Sunday, June 25, 2017

Georgetown Airport Capacity Increase Continues

The City is engaged in updating the Airport Master Plan. Following is a letter penned by Carl Norris describing the process. It is clear from the documents that this blogger reviewed that the solution was determined before the plan update was initiated. The analysis and data used was selected to support the apriori conclusion.
"For those who missed the Planning Advisory Committee (PAC) and the public workshop for the new 20 year (2016-2036) Airport Master Plan Update on the afternoon and evening of Tuesday, June 6, 2017 you missed a heck of a peep show.  This new plan is the fourth since 1980 when the old Airport Advisory Board and the council made the secret plan to develop the airport into the predominant reliever airport for Central Texas.  If you don't think this decision has been kept secret, how many full and comprehensive public information articles have you read in local newspapers?  How many are you reading now?
 Citizen visitors to the seven member PAC meeting were not allowed to speak.  The two PAC members assigned to represent the public never voiced a concern regarding continuous community opposition over the years to adverse impacts on the community's health, safety and human environment due to this major community decision nor the cumulative bad impacts being added by this new plan.
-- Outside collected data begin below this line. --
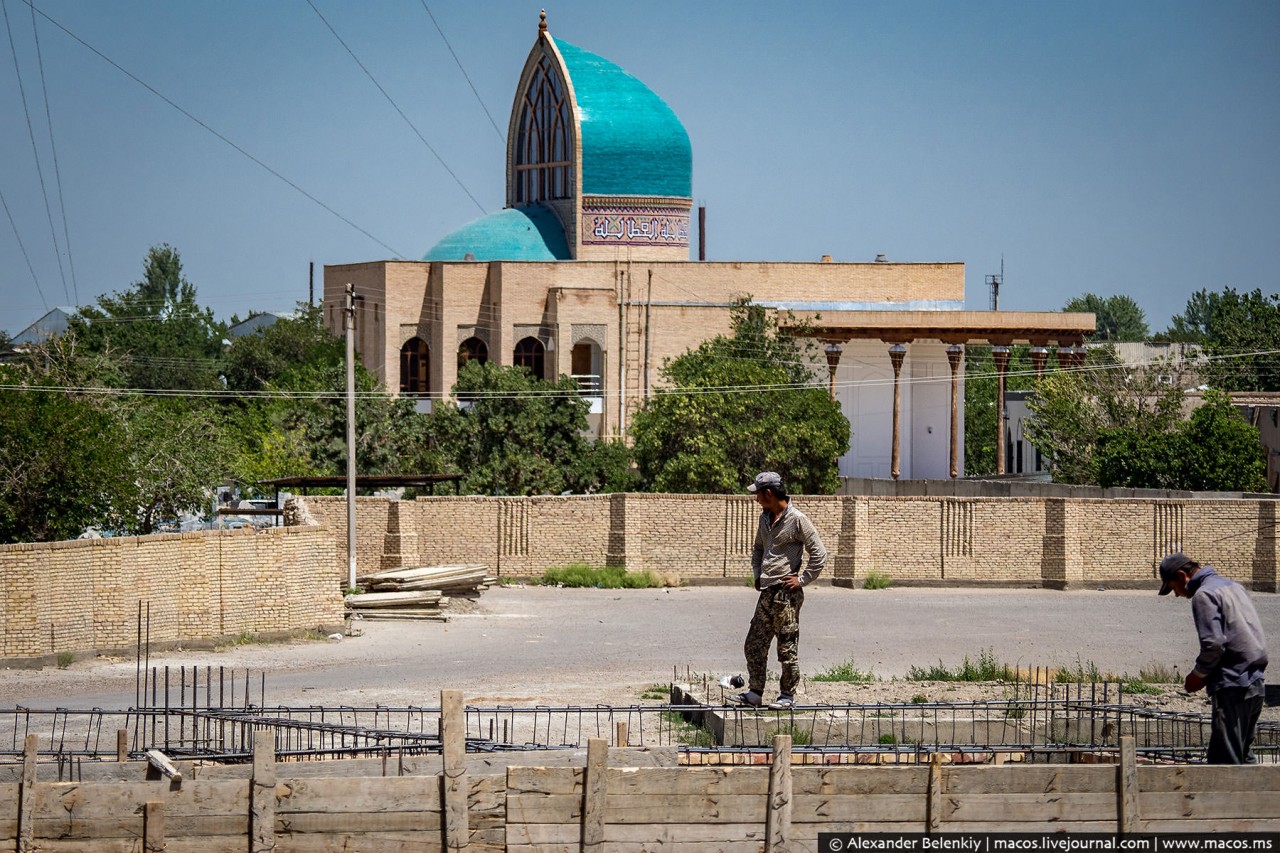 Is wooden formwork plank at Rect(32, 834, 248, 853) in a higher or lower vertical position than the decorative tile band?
lower

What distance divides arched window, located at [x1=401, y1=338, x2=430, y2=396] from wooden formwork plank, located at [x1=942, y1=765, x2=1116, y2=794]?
38.9 metres

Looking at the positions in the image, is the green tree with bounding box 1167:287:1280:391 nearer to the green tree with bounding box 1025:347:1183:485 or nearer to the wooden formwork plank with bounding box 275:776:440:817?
the green tree with bounding box 1025:347:1183:485

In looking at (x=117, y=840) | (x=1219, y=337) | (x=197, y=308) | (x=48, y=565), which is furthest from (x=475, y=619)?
(x=197, y=308)

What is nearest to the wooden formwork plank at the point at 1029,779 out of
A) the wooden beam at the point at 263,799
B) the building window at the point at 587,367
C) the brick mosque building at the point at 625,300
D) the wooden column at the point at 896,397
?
the wooden beam at the point at 263,799

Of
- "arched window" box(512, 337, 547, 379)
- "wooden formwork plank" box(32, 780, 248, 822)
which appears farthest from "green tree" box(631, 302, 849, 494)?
"wooden formwork plank" box(32, 780, 248, 822)

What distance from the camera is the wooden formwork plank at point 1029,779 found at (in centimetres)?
805

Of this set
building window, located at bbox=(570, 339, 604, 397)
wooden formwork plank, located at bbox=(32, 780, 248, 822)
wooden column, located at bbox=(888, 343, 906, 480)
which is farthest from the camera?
building window, located at bbox=(570, 339, 604, 397)

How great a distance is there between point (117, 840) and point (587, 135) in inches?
1662

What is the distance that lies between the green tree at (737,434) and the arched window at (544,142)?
53.1ft

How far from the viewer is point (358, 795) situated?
7.82m

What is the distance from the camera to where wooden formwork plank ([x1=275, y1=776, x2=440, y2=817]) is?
7797 mm

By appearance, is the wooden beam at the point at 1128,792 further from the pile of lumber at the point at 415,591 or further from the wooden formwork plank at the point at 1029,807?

The airport's location in the planned, densely developed heart of our city and, with its tens of thousands of gallons of hazardous materials totally atop the Edwards Recharge Zone, was of no voiced consequence to the PAC.
 At the public workshop citizen visitors were lectured by representatives of Coffman Associates that the cumulative expansion of based aircraft from their number in 1980 of 48 to the 2036 projected 400 (+733%) and annual operations (take offs and landings) from 31,550 to 133,400 (+323%) and the new projected peak operations per day from current 442 to 764 (+73%) must be quietly accepted by locals as the airport has been federalized for use as determined by FAA and TxDOT.  In other words, the citizens may own and pay local, state and federal taxes for the airport, but they have no say in it's    regional reliever development regardless of its bad impacts on their lives and properties. To the Airport Concerned Citizens (ACC) folks in attendance, that's akin to being told we're all like Ben-Hur and his fellow galley slaves, in this case in a boat they own, being forced into harm's way at direction of Admiral FAA, lashed to the rhythm of TxDOT's mallet beat and forced to go down with our own ship and without any opportunity of heading for a safer and superior location.
 That condemnation is not what Congress intended when it passed the NEPA and why the ACC objects to the proposed new multimillion dollar construction program of this plan without preparation of a fully scoped EIS.
 Everyone should track development of this master plan and its impact on lives of yourselves and neighbors by visiting its web site at “georgetown.airportstudy.com” and documenting your concerns to your elected councilmember, mayor and city council." 
To those who make public statements that this activity is "only maintenance and safety related", and not an expansion of the airport, need a course on the meaning of words.

This activity will clearly increase the capacity of the airport by upgrading navaids and doubling the load bearing capability of the main runway. These improvements will allow aircraft such as the Bombardier CS100 to use the airport. This aircraft has the capability of accommodating 133 charter passengers or the equivalent air cargo weight. It's Maximum Take Off Weight (MTOW) is 133,999 Lb., Maximum Landing Weight (MLW) is 115,000 Lb., its Landing Field Length at MLW is 4,499 LF. Cargo and/or charter passenger weights of aircraft can be managed to stay within the field constraints. If properly managed, the Bombardier model CS300 with increased capacities could also operate off a 5000 LF runway.

What is the old saying? Those who ignore the lessons of history are doomed to make the same mistakes. 

All one has to do is look at aviation and airports in Southern California over the last 50 years. It has been one law suit after another as people rebelled at having airports in residential neighborhoods, even though the airports were usually established before the housing was built.

Will Georgetown not learn from the experience of others?

1 comment:

  1. The words one says may have some fact and truth – its the truth one does not say that makes one a liar. “Thou shall not bear false witness” Everyone with even a small brain knows there is a hidden agenda and long range plan that is being withheld from the public.